Se ve que hay una corriente que trata de invalidar las herencias como elemento distorsionador de la igualdad. Obviamente. Cuando uno nace más guapo, más alto, más fuerte, más sano, más inteligente, que también suelen ser herencias, llega con cierta ventaja a este mundo desigual. Otro tanto cuando alguien recibe de sus antepasados propiedades, títulos, ahorros, privilegios y ese intangible saber estar en el lugar correcto en el momento adecuado y tener contactos con personas influyentes. Definitivamente fomenta la desigualdad.
Pero ¿qué ventaja tendría hacer tabla rasa? La igualdad sería teóricamente total, pero a costa de una enorme pérdida de recursos. Durante la vida laboral, familiar y personal, nadie tendría el menor interés en acumular nada, porque a su muerte –siempre inesperada– se lo llevaría el Estado. Adiós al negocio bancario, pues nadie pediría un préstamo para comprar una casa, para montar una empresa. Adiós a la saludable costumbre de ahorrar y hacer planes. Adiós a la ilusión de ayudar a los hijos, de intentar que su vida sea un poco más fácil que la tuya. ¿Para qué? Si tengo que vivir al día, mejor no complicarse. Entonces la norma sería trabajar poco, ganar lo justito, dilapidarlo todo a medida que se gana, no dejar ni siquiera los contactos, la sabiduría, el saber hacer.
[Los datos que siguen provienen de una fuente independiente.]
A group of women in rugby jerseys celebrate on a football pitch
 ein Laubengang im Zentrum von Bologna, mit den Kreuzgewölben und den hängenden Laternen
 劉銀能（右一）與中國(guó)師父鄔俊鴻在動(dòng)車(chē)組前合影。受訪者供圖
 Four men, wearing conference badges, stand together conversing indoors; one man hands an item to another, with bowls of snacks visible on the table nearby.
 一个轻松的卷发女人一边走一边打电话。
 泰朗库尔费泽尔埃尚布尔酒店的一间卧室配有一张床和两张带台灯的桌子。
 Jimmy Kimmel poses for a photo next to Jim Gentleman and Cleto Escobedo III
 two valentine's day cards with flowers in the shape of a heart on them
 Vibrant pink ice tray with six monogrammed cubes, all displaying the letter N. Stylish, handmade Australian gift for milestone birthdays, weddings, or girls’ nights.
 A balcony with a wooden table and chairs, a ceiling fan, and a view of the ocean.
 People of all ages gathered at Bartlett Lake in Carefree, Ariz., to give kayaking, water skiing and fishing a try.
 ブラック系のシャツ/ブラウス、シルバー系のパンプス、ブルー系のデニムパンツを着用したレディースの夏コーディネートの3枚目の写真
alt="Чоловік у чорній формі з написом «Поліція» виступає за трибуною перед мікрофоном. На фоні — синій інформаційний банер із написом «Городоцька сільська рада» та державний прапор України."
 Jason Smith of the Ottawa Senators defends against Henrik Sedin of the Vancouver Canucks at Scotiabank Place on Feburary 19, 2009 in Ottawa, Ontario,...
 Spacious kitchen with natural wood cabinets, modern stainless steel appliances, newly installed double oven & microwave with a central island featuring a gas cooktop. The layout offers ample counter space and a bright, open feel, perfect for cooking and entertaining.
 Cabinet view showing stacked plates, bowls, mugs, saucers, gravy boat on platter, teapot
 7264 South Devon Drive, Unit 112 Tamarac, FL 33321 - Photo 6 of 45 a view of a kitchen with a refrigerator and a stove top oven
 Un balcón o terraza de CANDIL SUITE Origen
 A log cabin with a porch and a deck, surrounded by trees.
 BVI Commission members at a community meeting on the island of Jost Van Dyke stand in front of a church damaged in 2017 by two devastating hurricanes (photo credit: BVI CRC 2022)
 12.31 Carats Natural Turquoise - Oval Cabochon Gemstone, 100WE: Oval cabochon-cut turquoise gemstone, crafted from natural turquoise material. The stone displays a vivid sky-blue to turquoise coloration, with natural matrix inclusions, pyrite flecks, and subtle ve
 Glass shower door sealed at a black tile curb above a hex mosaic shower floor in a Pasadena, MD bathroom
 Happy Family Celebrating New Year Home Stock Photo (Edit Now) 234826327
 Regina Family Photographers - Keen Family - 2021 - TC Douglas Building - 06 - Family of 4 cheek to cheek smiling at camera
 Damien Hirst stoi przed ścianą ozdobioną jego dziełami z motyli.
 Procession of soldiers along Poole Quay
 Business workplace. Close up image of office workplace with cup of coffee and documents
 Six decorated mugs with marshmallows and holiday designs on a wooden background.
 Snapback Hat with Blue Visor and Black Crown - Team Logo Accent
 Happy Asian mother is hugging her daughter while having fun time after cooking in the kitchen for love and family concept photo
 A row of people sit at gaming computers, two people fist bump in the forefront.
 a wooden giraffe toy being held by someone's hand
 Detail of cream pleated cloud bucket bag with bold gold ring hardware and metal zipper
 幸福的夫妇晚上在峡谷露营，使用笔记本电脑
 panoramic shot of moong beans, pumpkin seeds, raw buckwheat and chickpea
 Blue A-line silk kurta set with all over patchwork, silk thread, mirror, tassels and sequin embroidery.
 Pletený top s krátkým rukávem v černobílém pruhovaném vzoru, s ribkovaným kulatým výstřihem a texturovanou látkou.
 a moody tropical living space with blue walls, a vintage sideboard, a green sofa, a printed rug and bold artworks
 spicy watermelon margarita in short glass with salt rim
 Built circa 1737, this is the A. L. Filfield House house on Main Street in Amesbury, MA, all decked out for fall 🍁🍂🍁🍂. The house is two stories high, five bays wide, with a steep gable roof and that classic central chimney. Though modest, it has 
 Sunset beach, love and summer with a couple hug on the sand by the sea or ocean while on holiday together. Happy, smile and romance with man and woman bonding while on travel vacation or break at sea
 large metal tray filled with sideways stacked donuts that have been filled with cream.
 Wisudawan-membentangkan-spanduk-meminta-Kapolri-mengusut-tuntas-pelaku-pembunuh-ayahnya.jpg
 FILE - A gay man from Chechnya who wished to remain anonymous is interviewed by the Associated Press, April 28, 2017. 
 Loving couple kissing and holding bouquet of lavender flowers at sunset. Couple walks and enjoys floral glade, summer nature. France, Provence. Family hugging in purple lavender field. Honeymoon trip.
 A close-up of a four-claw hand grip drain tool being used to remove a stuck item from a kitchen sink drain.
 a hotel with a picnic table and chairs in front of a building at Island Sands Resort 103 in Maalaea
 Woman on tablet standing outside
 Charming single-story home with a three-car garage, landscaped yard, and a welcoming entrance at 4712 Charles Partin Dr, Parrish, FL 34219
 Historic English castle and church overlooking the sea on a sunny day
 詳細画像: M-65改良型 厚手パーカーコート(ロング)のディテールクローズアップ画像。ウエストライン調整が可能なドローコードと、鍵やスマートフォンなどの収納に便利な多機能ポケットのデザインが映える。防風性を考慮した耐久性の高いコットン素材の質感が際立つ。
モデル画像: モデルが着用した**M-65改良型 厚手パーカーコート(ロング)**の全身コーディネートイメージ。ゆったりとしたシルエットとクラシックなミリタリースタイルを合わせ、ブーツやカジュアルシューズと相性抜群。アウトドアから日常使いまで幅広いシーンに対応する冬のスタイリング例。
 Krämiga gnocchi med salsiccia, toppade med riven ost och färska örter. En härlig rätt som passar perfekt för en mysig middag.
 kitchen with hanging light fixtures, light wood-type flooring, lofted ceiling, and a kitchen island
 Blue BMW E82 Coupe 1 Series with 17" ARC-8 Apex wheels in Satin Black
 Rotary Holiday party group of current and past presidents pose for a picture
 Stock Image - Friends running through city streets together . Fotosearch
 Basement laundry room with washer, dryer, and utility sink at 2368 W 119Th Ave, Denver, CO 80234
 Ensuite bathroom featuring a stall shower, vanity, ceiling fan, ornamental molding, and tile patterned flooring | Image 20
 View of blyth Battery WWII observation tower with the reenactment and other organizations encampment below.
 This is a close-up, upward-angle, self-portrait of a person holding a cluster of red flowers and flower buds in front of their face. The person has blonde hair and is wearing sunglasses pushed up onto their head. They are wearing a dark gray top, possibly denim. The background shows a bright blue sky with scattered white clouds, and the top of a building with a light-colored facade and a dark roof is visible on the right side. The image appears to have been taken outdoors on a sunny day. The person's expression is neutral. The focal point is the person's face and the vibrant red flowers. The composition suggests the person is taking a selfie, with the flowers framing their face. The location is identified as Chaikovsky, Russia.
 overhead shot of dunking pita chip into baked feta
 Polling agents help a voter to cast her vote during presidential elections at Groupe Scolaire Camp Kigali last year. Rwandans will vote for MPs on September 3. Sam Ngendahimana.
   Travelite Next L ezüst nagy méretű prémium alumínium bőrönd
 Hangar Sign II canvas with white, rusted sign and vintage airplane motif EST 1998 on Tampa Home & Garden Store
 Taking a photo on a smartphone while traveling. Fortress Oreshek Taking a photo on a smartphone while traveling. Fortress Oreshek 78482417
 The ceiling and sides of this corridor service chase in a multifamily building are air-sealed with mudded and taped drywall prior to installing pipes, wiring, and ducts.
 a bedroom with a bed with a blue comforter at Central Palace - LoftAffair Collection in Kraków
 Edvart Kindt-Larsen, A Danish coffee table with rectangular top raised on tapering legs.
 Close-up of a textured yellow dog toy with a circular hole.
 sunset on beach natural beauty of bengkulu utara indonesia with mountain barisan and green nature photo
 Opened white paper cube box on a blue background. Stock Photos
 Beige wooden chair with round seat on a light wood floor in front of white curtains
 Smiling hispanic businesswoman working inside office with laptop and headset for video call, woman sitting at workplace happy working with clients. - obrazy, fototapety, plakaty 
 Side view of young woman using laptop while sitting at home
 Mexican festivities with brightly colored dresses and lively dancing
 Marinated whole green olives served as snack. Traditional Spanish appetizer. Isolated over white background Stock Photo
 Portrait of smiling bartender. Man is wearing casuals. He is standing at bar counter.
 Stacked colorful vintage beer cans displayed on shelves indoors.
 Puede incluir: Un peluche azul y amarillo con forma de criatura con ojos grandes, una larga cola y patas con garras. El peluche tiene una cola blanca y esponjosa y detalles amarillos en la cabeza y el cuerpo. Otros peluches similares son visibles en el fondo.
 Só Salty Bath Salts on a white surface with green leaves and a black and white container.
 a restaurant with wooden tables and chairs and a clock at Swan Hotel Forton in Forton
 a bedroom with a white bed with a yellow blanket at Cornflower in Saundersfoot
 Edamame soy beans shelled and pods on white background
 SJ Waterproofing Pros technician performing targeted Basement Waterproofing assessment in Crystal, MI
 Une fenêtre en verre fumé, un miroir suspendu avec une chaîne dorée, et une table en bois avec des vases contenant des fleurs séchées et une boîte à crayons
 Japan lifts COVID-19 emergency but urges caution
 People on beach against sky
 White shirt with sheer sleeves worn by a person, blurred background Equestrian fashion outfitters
Todo de alquiler, mínimo esfuerzo. Cada generación vendría al mundo en blanco y desde la misma línea de salida todos emprenderían una carrera de obstáculos sin ayuda de nadie. Incluso así, me temo, no habría igualdad. Porque, volvemos al principio, los hay más listos, más guapos, más rápidos. La propia naturaleza es así, impone a los más fuertes, a los más capaces, y sacrifica al que no llega a tiempo.